■ **TASK BRIEF**:
Only the lines from the one with "MeloKids 2 Pieces" through the last line of the material below belong in the answer, copied exactly and without pictures.
-----
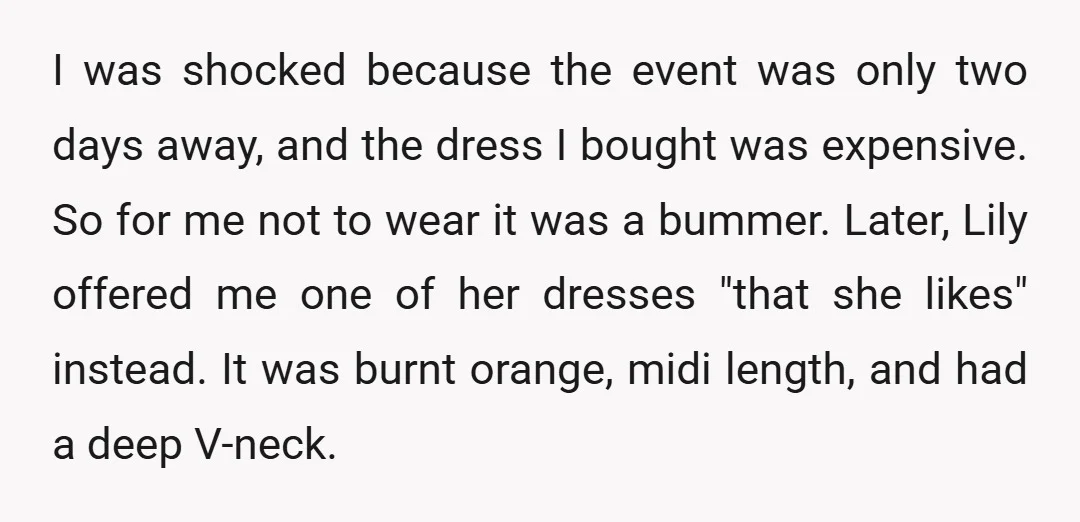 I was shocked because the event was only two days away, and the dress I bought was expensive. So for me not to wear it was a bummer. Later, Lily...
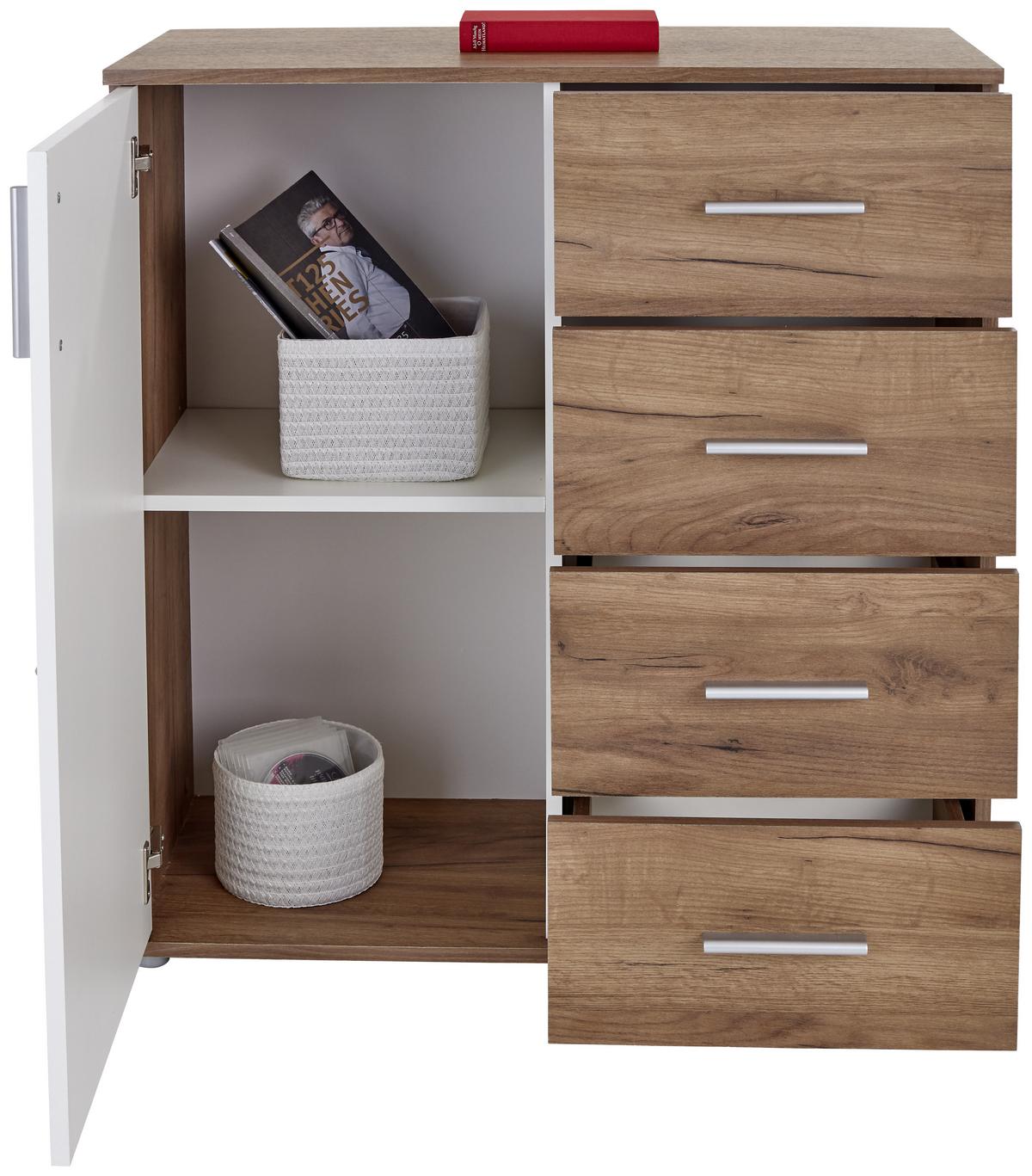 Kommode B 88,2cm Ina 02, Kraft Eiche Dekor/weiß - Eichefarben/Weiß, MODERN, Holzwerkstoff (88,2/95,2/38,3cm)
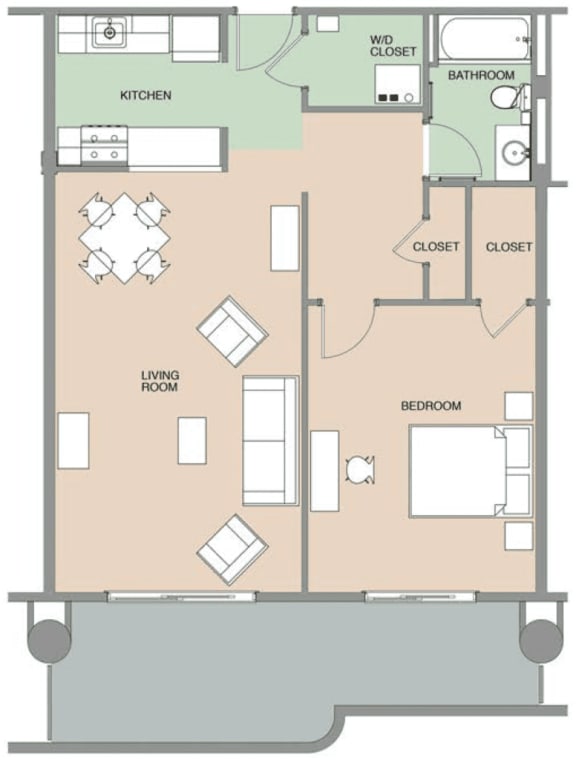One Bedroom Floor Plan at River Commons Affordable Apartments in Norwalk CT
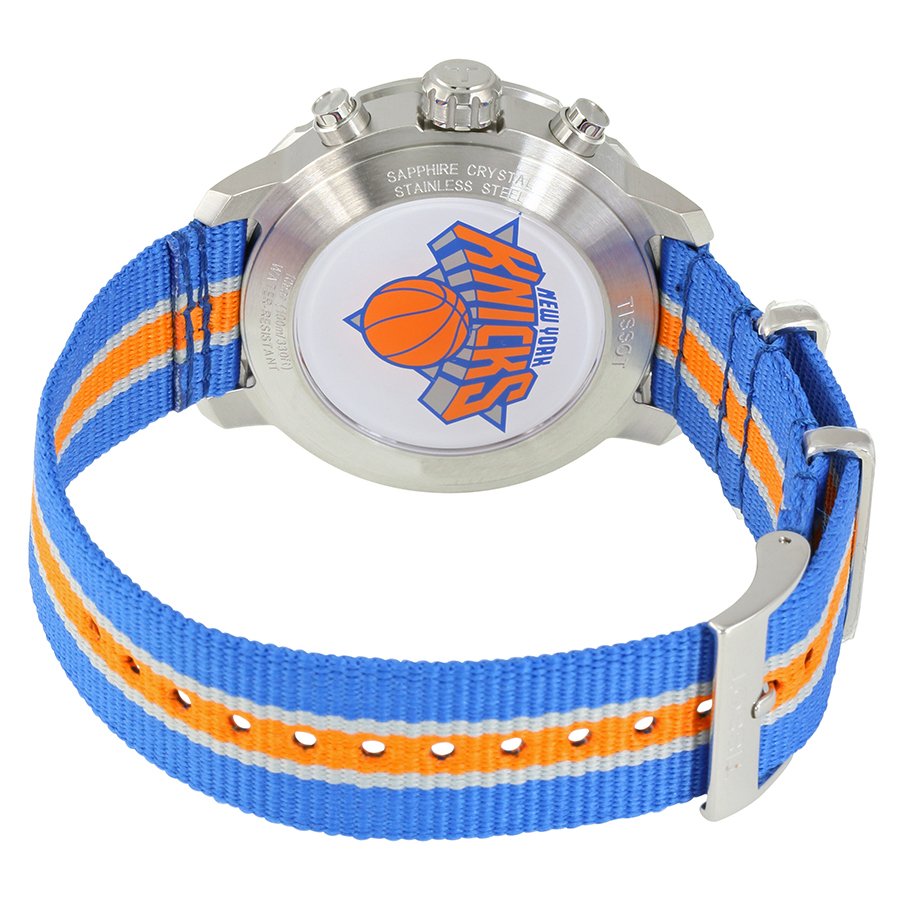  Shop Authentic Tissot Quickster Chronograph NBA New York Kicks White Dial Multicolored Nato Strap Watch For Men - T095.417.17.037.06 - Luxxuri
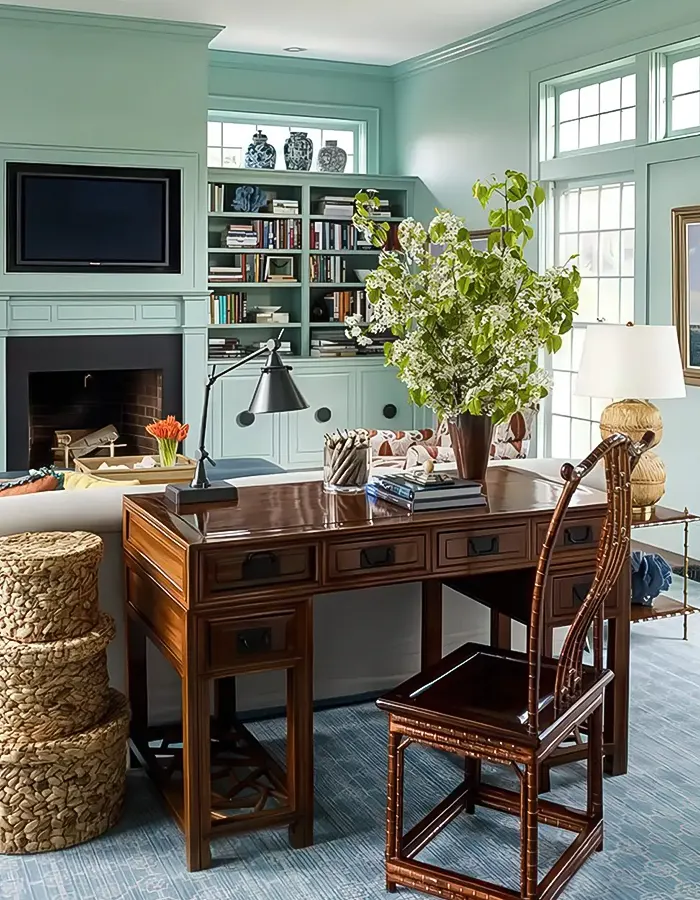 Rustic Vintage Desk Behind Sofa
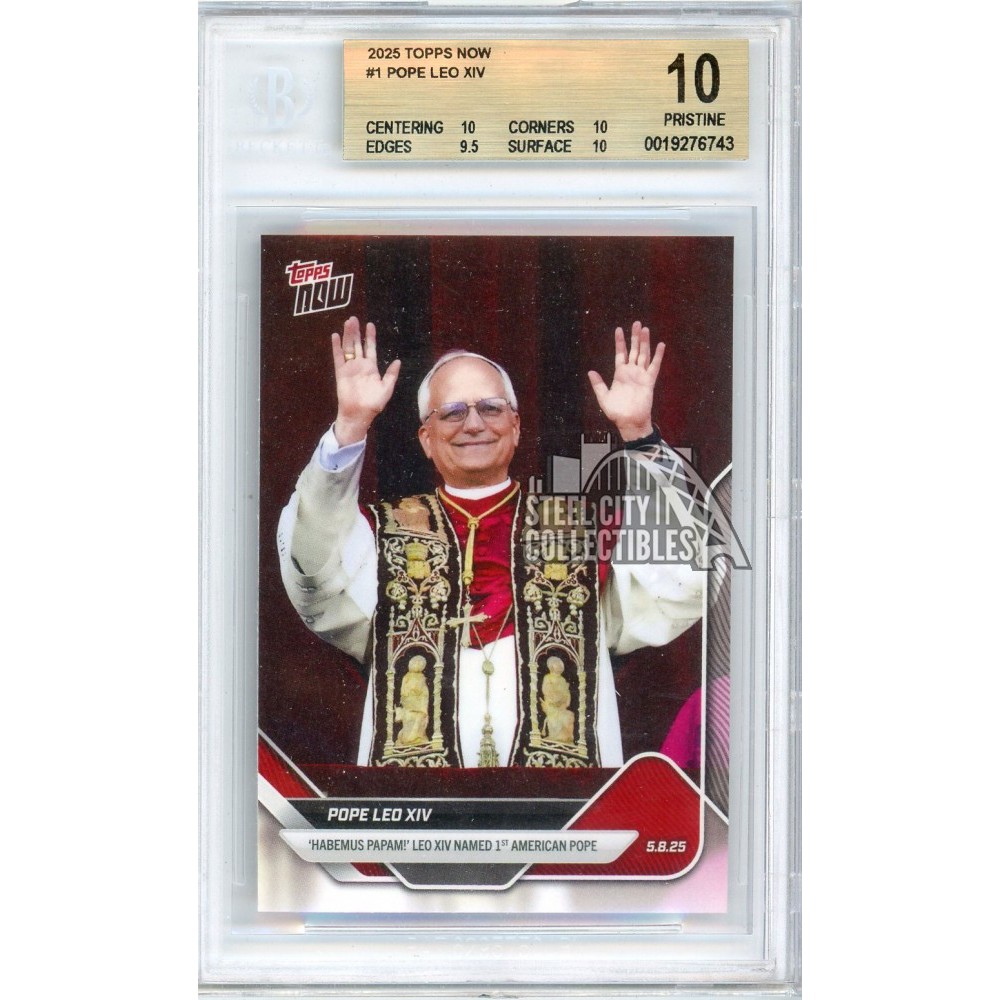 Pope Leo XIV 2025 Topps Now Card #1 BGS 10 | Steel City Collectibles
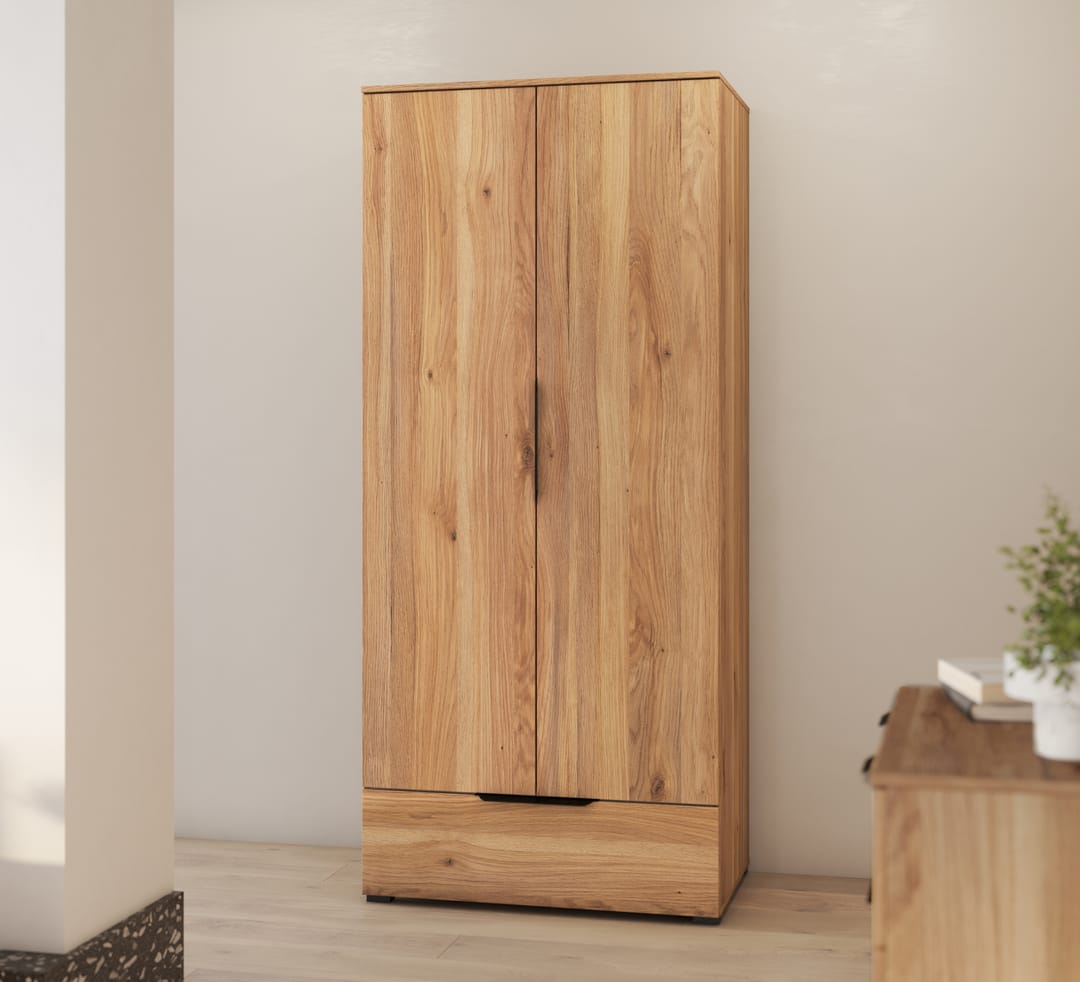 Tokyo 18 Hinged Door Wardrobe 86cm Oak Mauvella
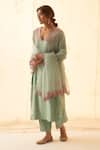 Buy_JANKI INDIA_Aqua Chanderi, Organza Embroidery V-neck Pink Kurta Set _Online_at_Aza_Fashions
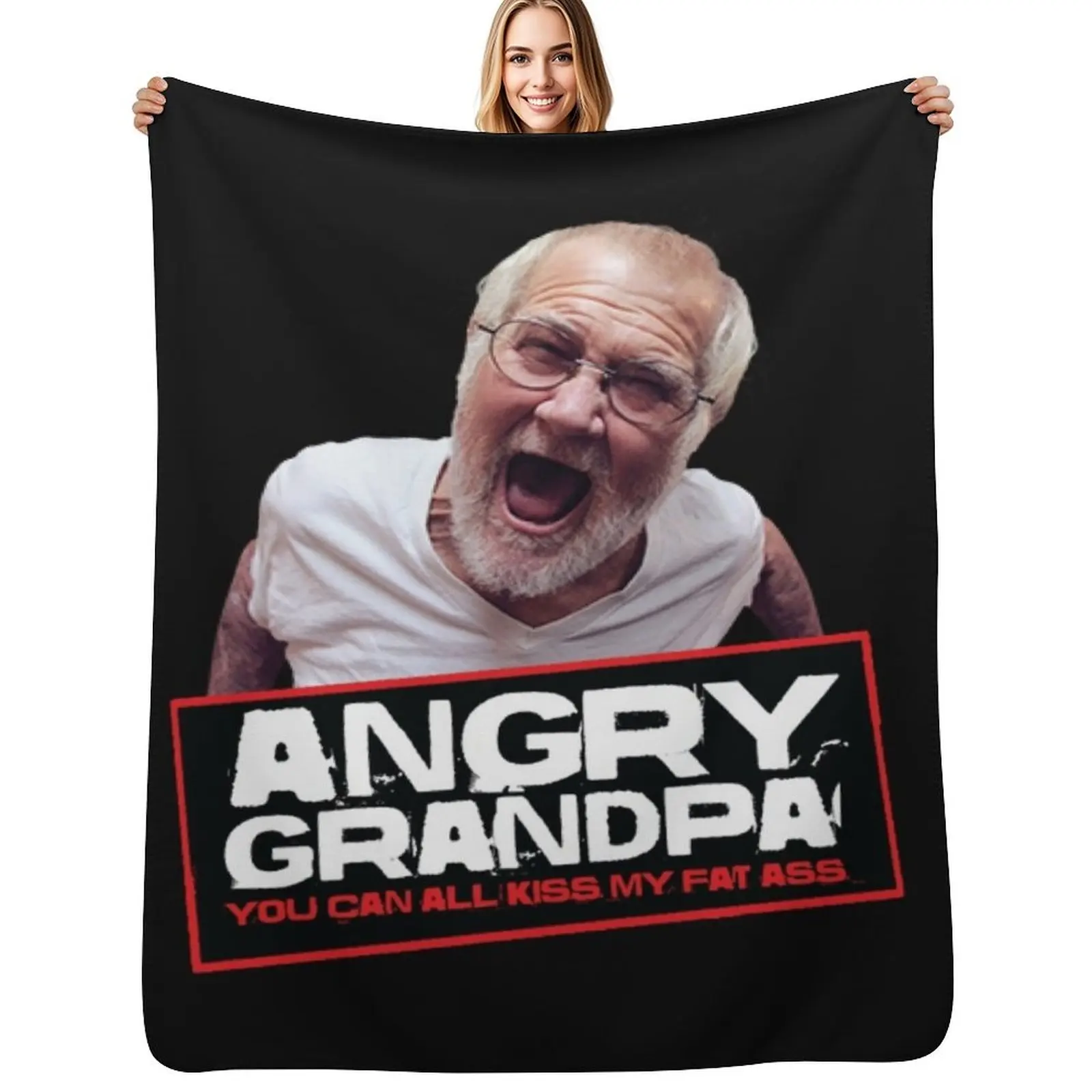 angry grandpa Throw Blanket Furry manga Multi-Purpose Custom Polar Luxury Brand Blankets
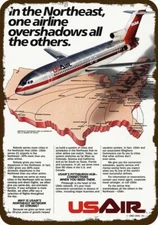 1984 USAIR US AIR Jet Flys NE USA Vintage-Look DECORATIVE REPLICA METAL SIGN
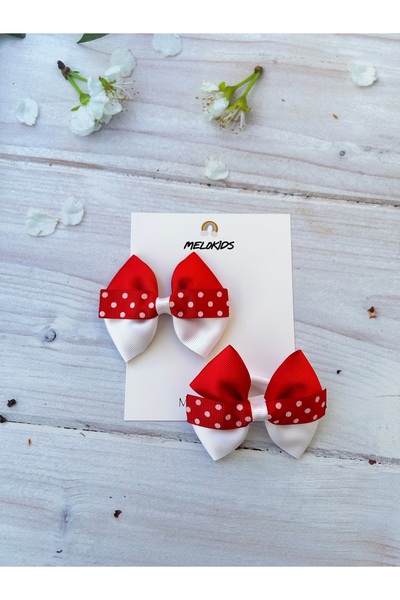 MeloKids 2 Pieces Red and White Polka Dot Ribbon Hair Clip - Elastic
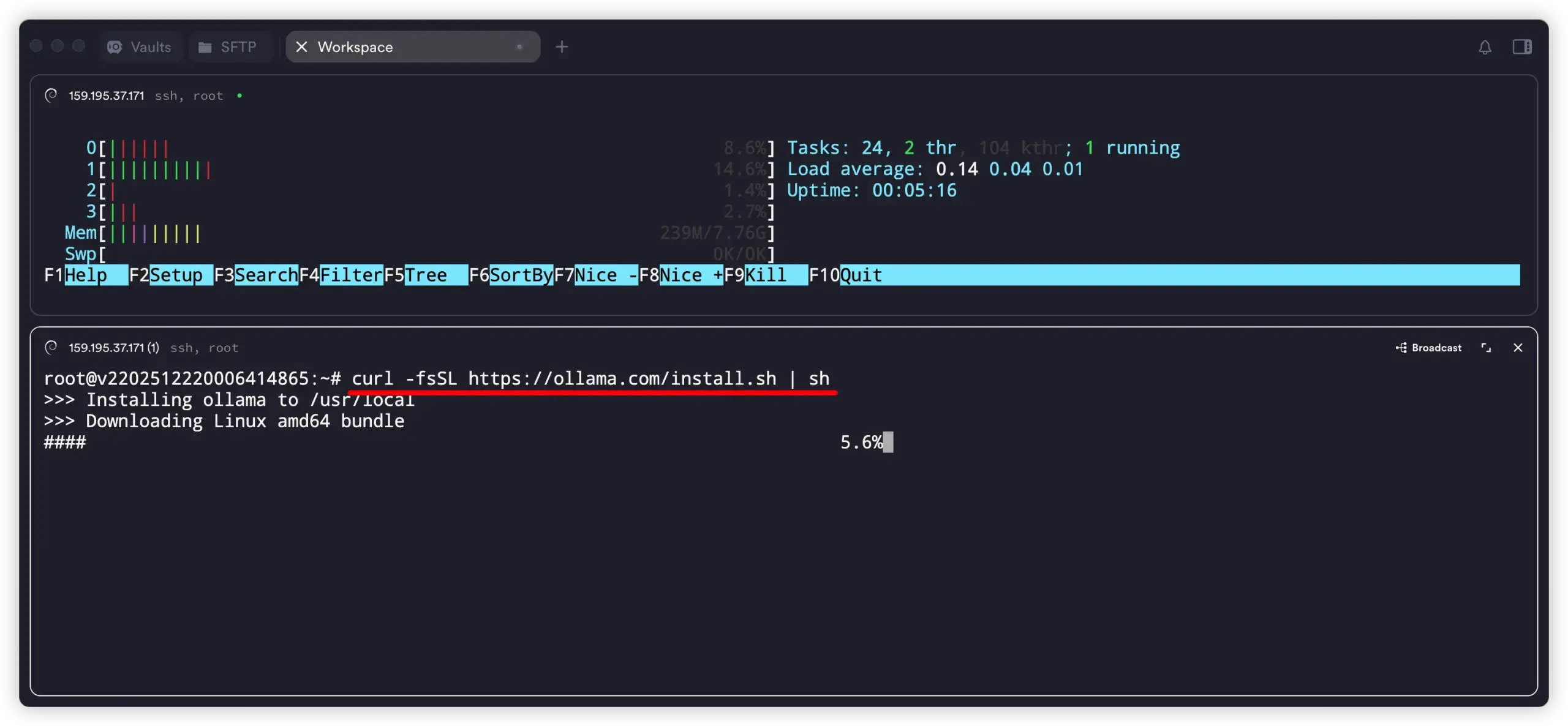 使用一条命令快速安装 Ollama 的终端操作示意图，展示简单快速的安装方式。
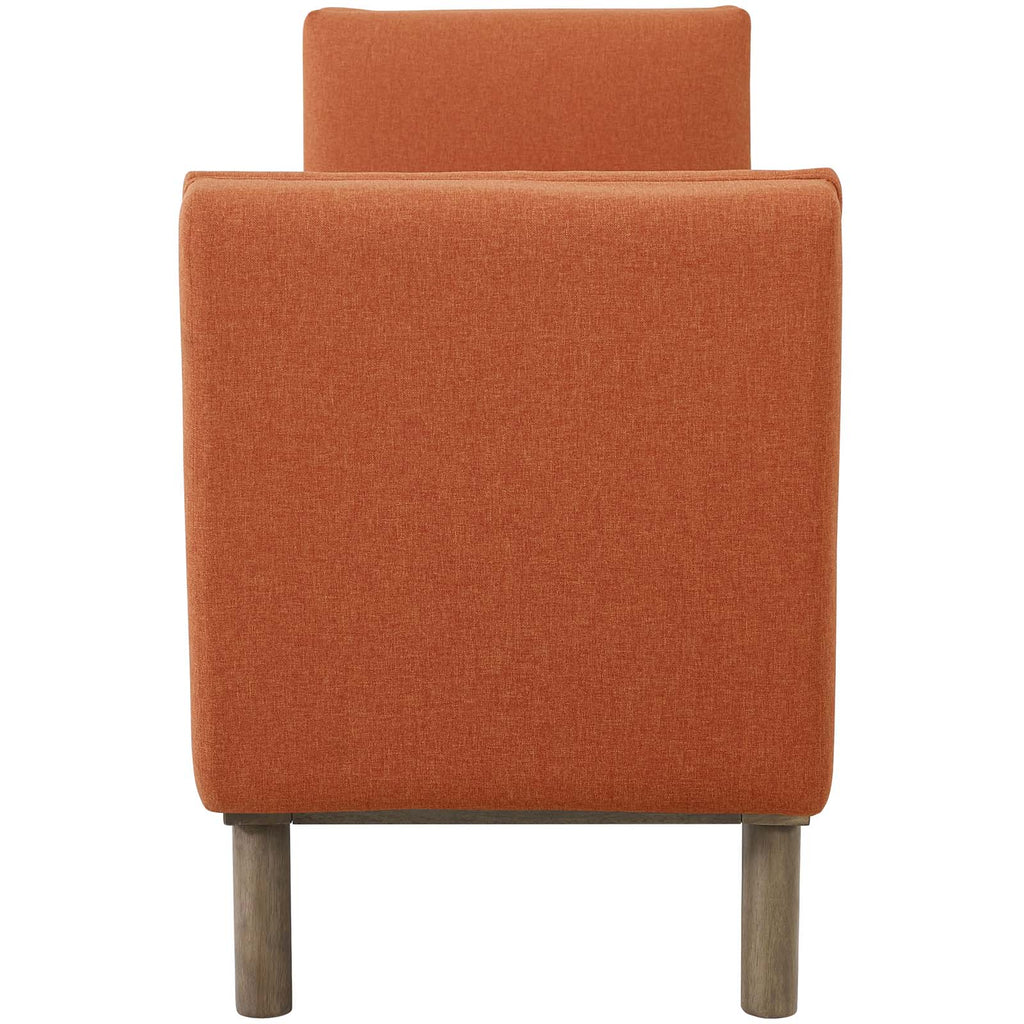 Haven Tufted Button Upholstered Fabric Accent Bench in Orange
-----
■ **PROBLEM SOLUTION**:
 MeloKids 2 Pieces Red and White Polka Dot Ribbon Hair Clip - Elastic
 使用一条命令快速安装 Ollama 的终端操作示意图，展示简单快速的安装方式。
 Haven Tufted Button Upholstered Fabric Accent Bench in Orange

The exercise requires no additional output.